A Remembrance Tree for Hugh Harp's father was stolen from Besse Park in Wareham earlier this week, but what Harp wants from the thief is pretty simple.

In the early hours of Tuesday morning, a Grinch crept into Besse Park in Wareham and stole a completely decorated tree that had been dedicated to a pair of Navy veterans. Certainly not the Christmas spirit the Remembrance Trees were created to spread, but the victim isn't letting the theft ruin his holiday plan.

"I was coming down here every day 'til after Christmas, 'til the trees are gone, to say hi to my dad," Harp said. "And I just drove by and I was like, 'Wait a minute.' So when I parked, I looked in my rearview mirror and I didn't see the tree."

When Harp realized his tree wasn't where it had been the day before, he talked to nearby electrical workers who informed him the tree had in fact been taken. It was the only tree at the park removed from the ground.

As to why his tree was targeted, Harp says, "I have no idea."

Harp's tree was one of many in an area of the Remembrance Trees dedicated to veterans.

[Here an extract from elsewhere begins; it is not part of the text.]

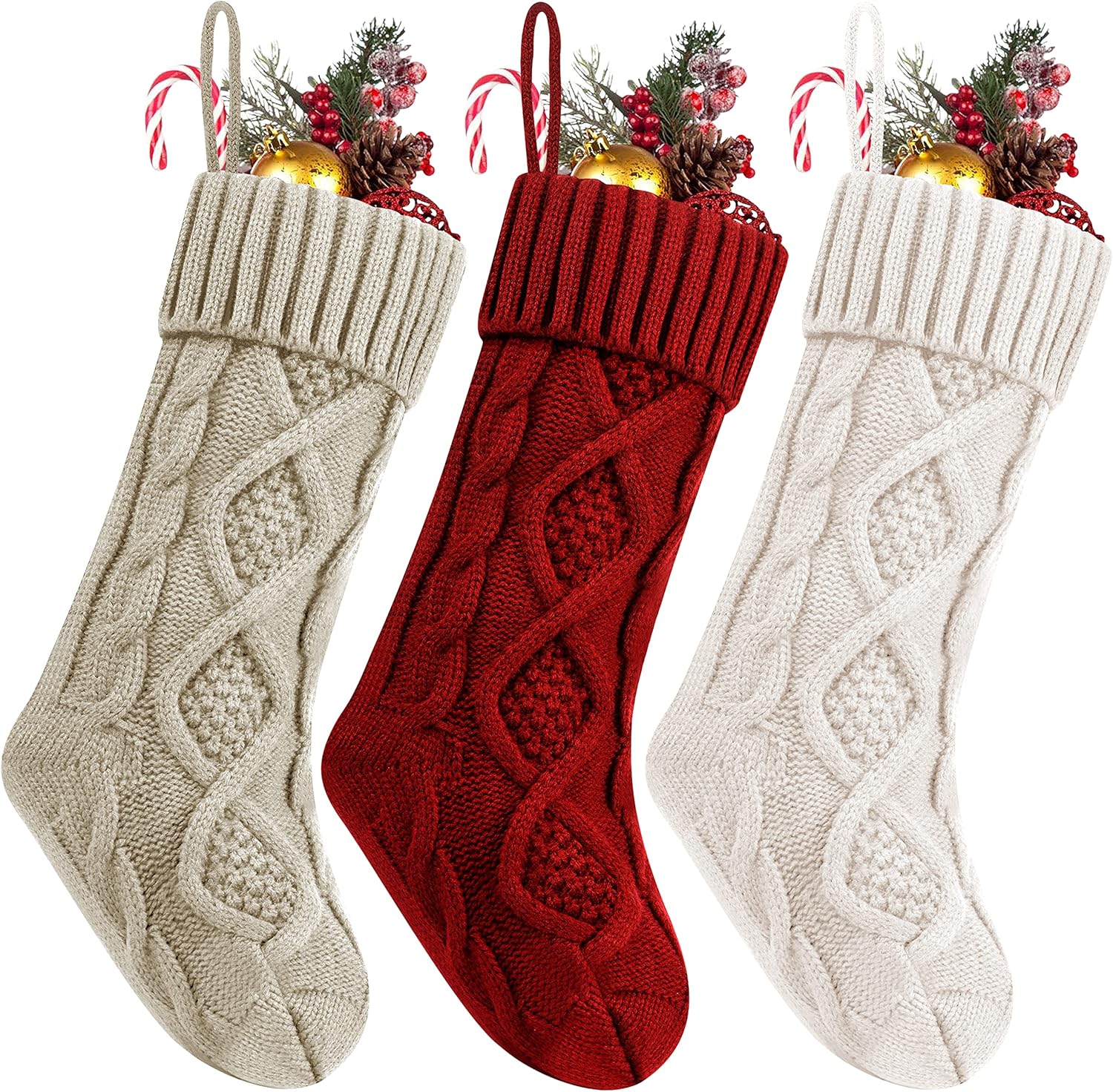 Fesciory 4 Pack Christmas Stockings 18 Inches Large Size Cable Knitted Stocking Gifts & Decorations for Family Holiday Xmas Party, Ivory White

He had decorated the tree with garland and ornaments but also with American flags and several laminated photos of the people the tree was honoring, his father James Harp and his girlfriend's mother, Mary Catrambone, both Navy veterans.

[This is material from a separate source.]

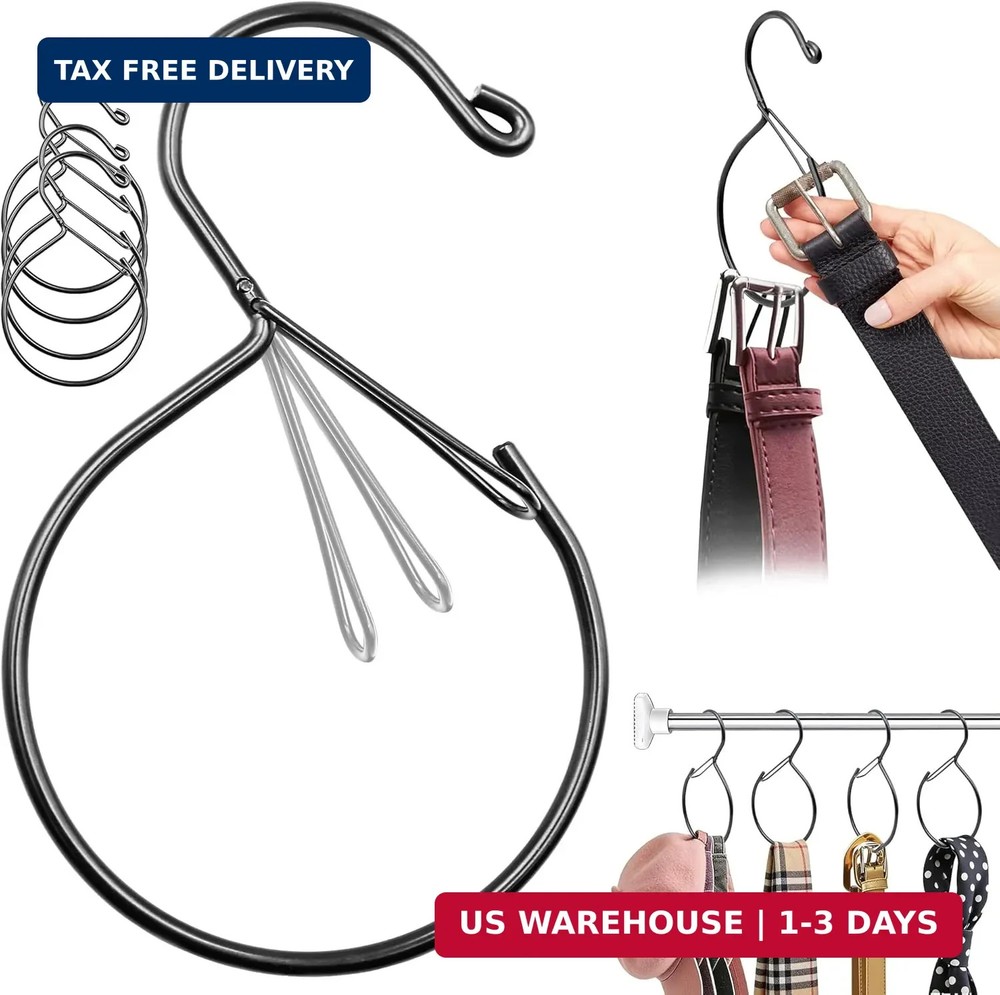 4 Pack Belt Hanger for Closet - Rust-Proof Belt Organizer & Tie Rack, Multi-Use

Though it remains anybody's guess as to why this tree was singled out and removed, Harp says he thought "maybe a couple people partying too much wanted to take a tree and party somewhere."

But he actually doesn't want the person or people responsible to bring his tree back. Harp informed us that all he's looking for is an apology.

"Just send an apology, you know, that's it. That's all I want," he said. "There's nothing else that's going to make it any better. A simple apology makes it a whole lot better."

The town has replaced Harp's tree for him and after a few additional hours of work it has been decorated once again. Town officials also informed Harp that they had added extra security measures to the grounding of the tree, making it virtually impossible to steal again.

Harp said he hopes the thief feels remorse for what they have done and says he can be reached by text at 508-269-1566 for that apology.